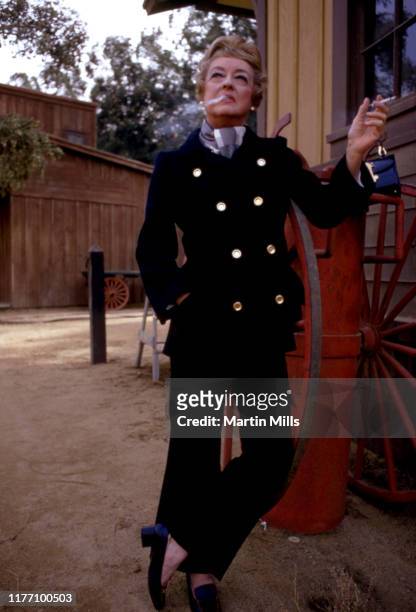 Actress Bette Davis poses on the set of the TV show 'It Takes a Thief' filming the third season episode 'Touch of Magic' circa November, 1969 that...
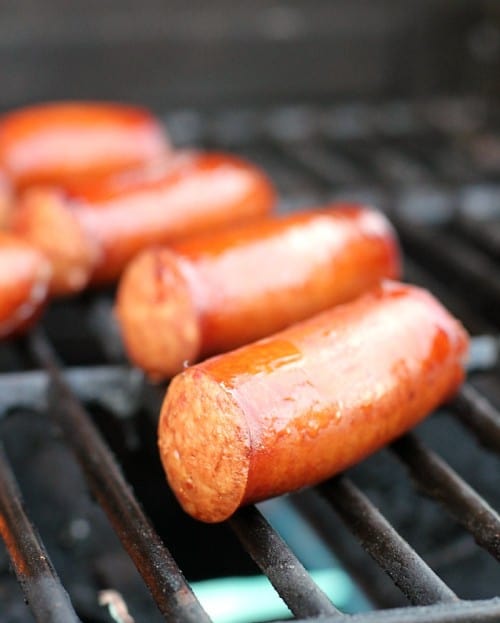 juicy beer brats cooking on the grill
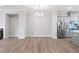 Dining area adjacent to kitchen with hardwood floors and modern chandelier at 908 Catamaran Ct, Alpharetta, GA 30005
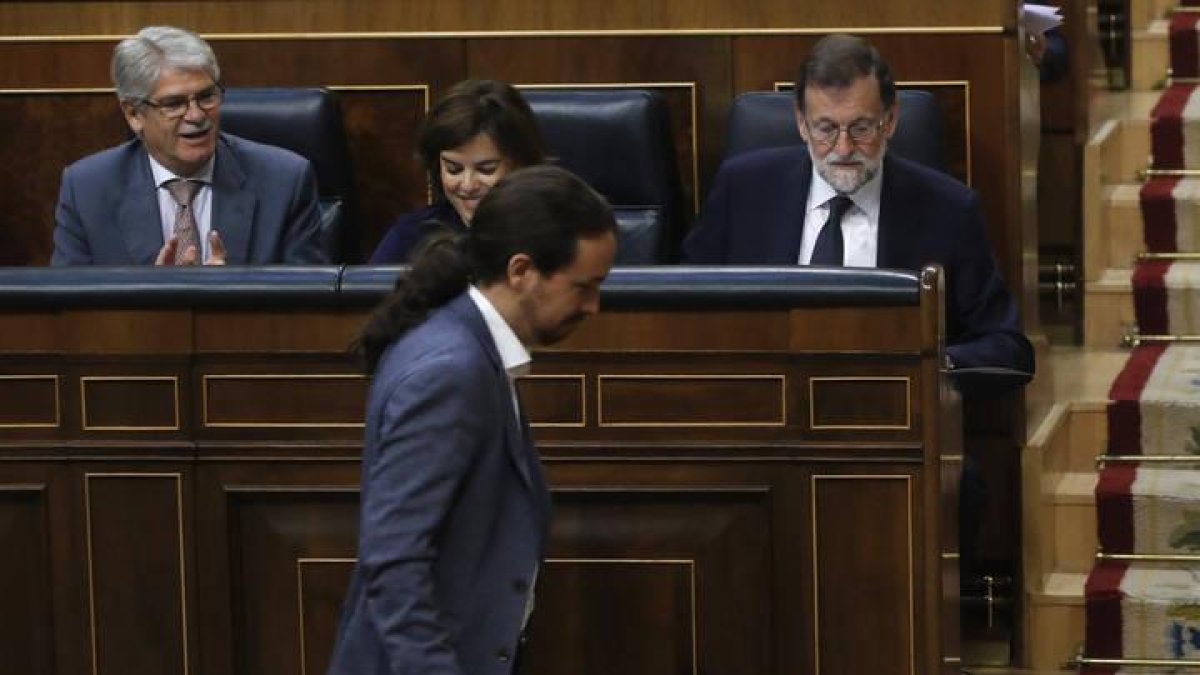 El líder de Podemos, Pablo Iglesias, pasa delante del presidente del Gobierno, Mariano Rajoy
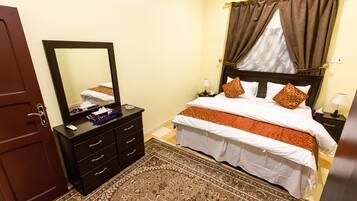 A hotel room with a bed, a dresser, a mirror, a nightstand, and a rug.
◇ ◇ ◇ ◇ ◇ ◇ ◇
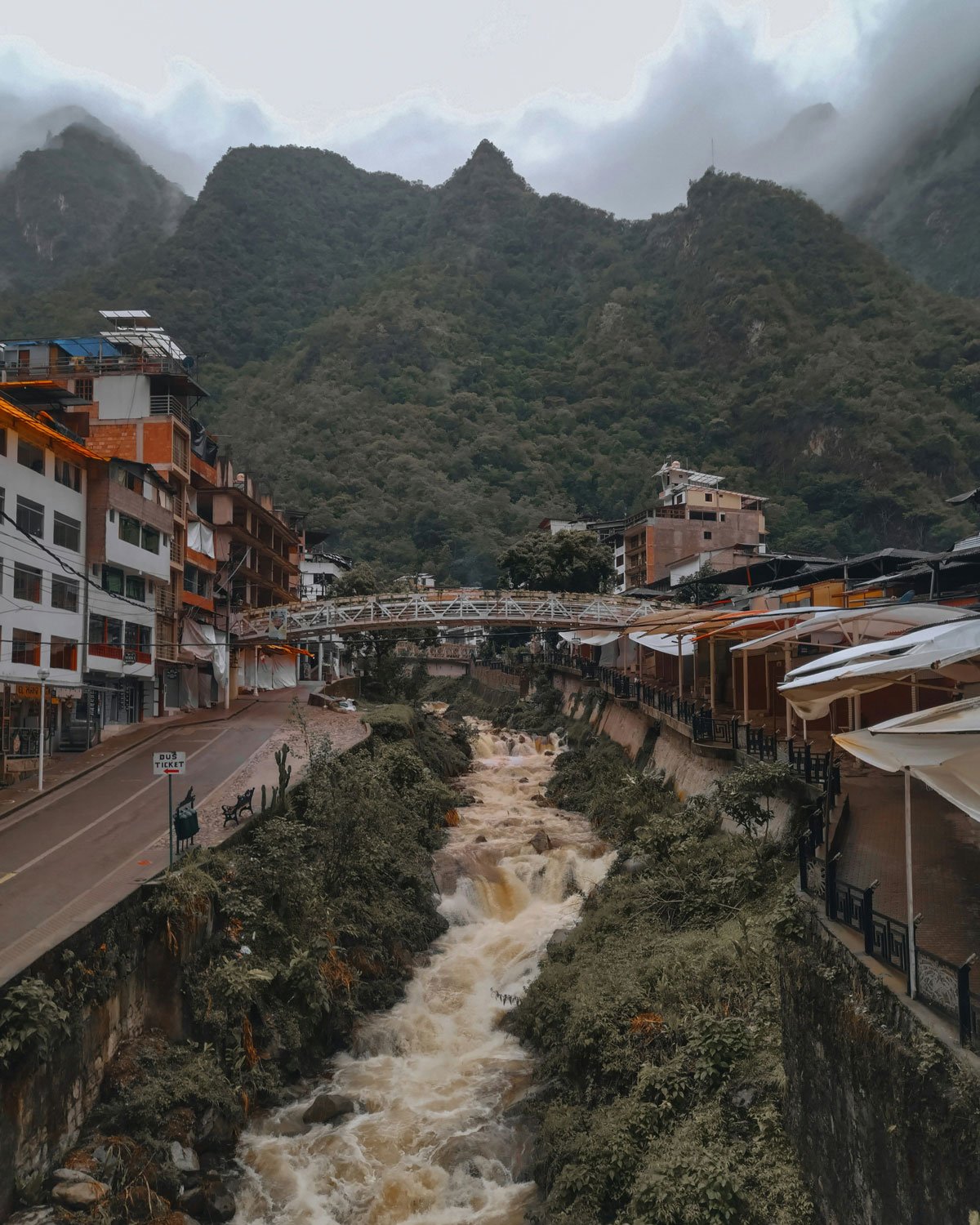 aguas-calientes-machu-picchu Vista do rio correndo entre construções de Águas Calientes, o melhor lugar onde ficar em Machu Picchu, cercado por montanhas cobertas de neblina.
◇ ◇ ◇ ◇ ◇ ◇ ◇
# [Task instructions]
Using the entries above, write out exactly the lines from the one with "El líder de" through the one with "A hotel room", ends included. Leave out any pictures.

# [Solution to this task]
 El líder de Podemos, Pablo Iglesias, pasa delante del presidente del Gobierno, Mariano Rajoy
 A hotel room with a bed, a dresser, a mirror, a nightstand, and a rug.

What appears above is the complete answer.